There are many unique things about this town but one of the most unusual is the downtown itself. Like so many communities in Iowa, there is a traditional “town square” – but the courthouse is not in the center! The original court building (which was in the center of the square) was erected in 1839, the first such structure in the state of Iowa. It was torn down in 1872 and is now located elsewhere. There is a plaque marking the site of the first courthouse in Iowa.
Mount Pleasant has another distinction. Just to the southwest, in the neighboring community of Oakland Mills, is Butch’s River Rock Cafe, winner of the coveted award “Best Pork Tenderloin of 2013” according to the Iowa Pork Producers Association. That was the main reason for the visit!

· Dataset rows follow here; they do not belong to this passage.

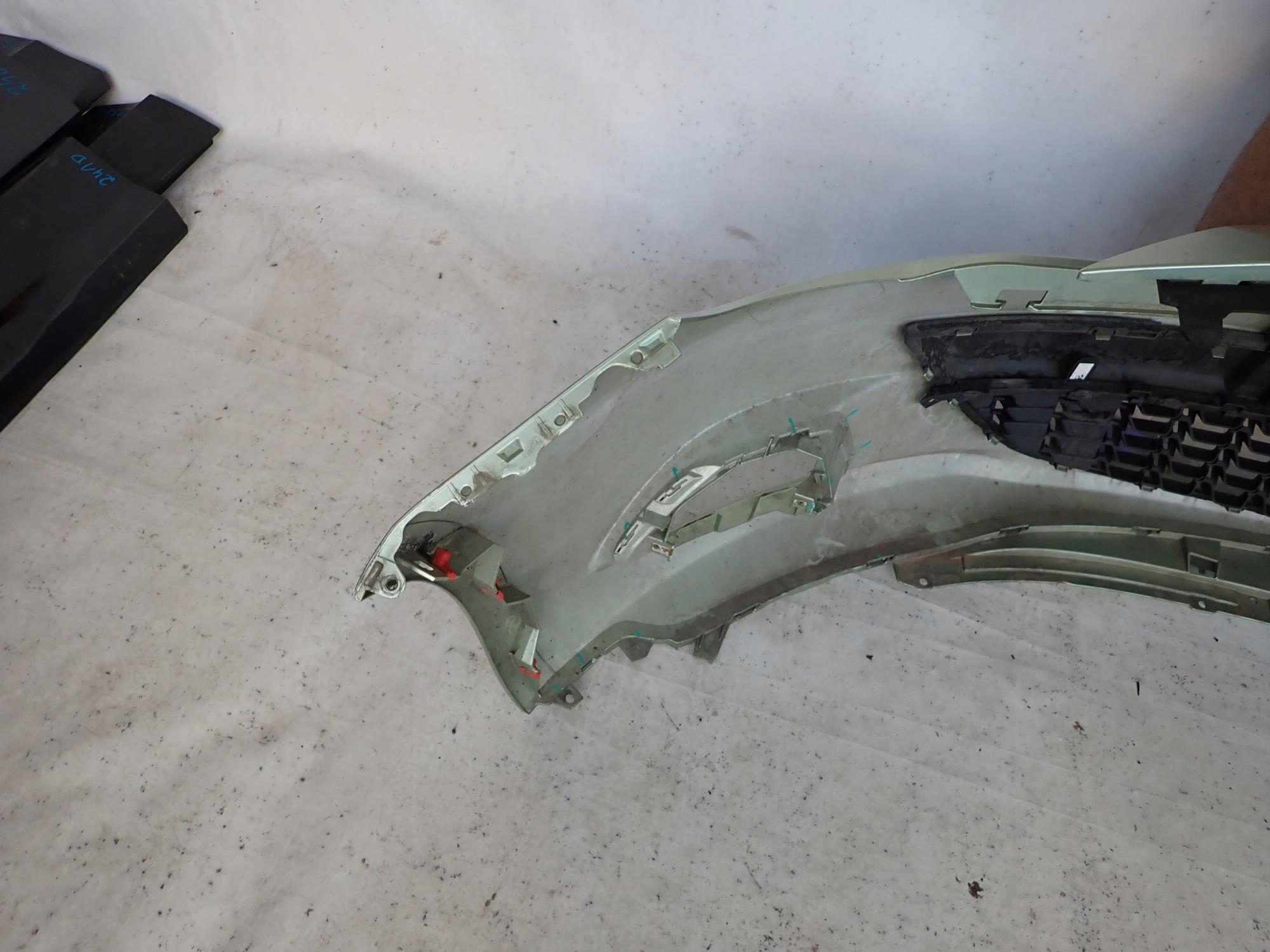 OPEL ASTRA IV 4 GTC 11-18 bumper front front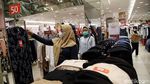 Yuk Bisa Yuk, Borong Baju Lebaran Tapi Tetap Jaga Jarak
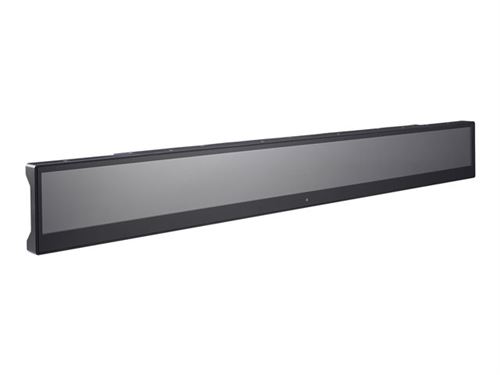 Shuttle D230 Server - Classe de diagonale 23.1\
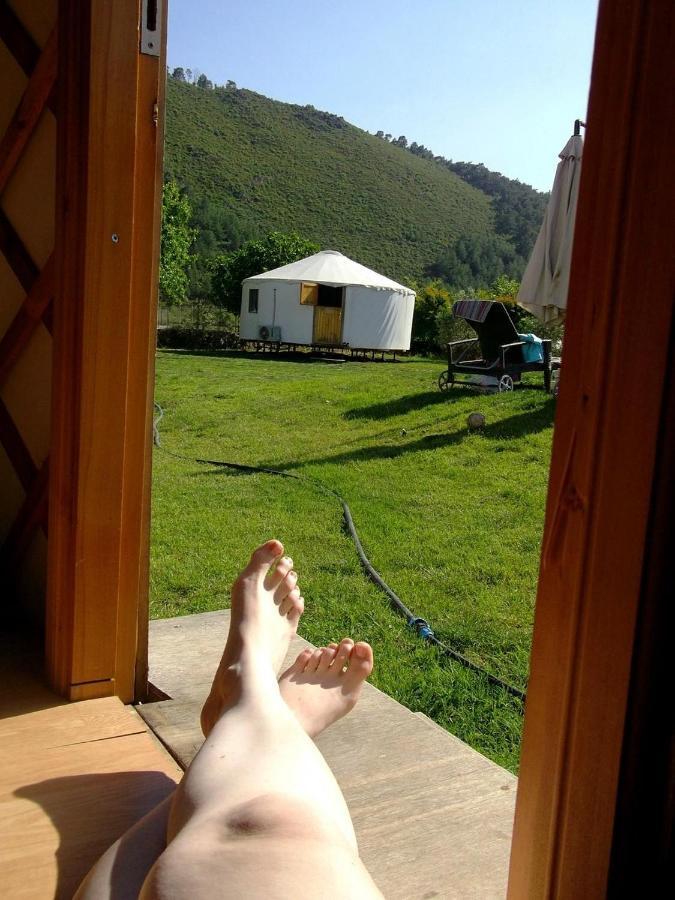 Hôtel Yol Glamping à Kayakoy Extérieur photo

Oakland Mills is a small settlement along the banks of the Skunk River, just outside of Mount Pleasant. I arrived fairly late – around 4:30 PM – and the sun was quickly sinking. Near the diner is a dam, camping area, picnic area, an old bridge, etc. It’s a comfortable, scenic place that I vowed to visit again next year. This picture was taken after dinner as I sat outside (shivering) and watching the darkness take over.

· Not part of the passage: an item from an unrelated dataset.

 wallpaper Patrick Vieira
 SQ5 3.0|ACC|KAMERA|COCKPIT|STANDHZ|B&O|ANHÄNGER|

The breaded pork tenderloin at Butch’s was excellent and easily deserved the award it received. But Butch’s River Rock Cafe had something I did not expect – Gooseberry Pie! I am sure there are folks who have never had gooseberries before, so here is a picture. Gooseberries are difficult to find ripe. Unripened, they can be like a sour grape. For that reason it’s normal to “sugar them up” a little bit when baking. The pie was to die for. Sorry for talking about food so much but this Iowa boy loves “home cooking” and they don’t have gooseberry pie at the big chain restaurants. 😀
Full of food, it was time to leave town and look for some camping. North of Mount Pleasant (on the way back toward Cedar Rapids) is the town of Ainsworth and a clean, comfortable spot called Marr Park. Camping with electricity runs $16 – not bad if you don’t mind not having water or a bathroom at this time of the year. For a night when the temperature was plummeting, electricity was a good thing!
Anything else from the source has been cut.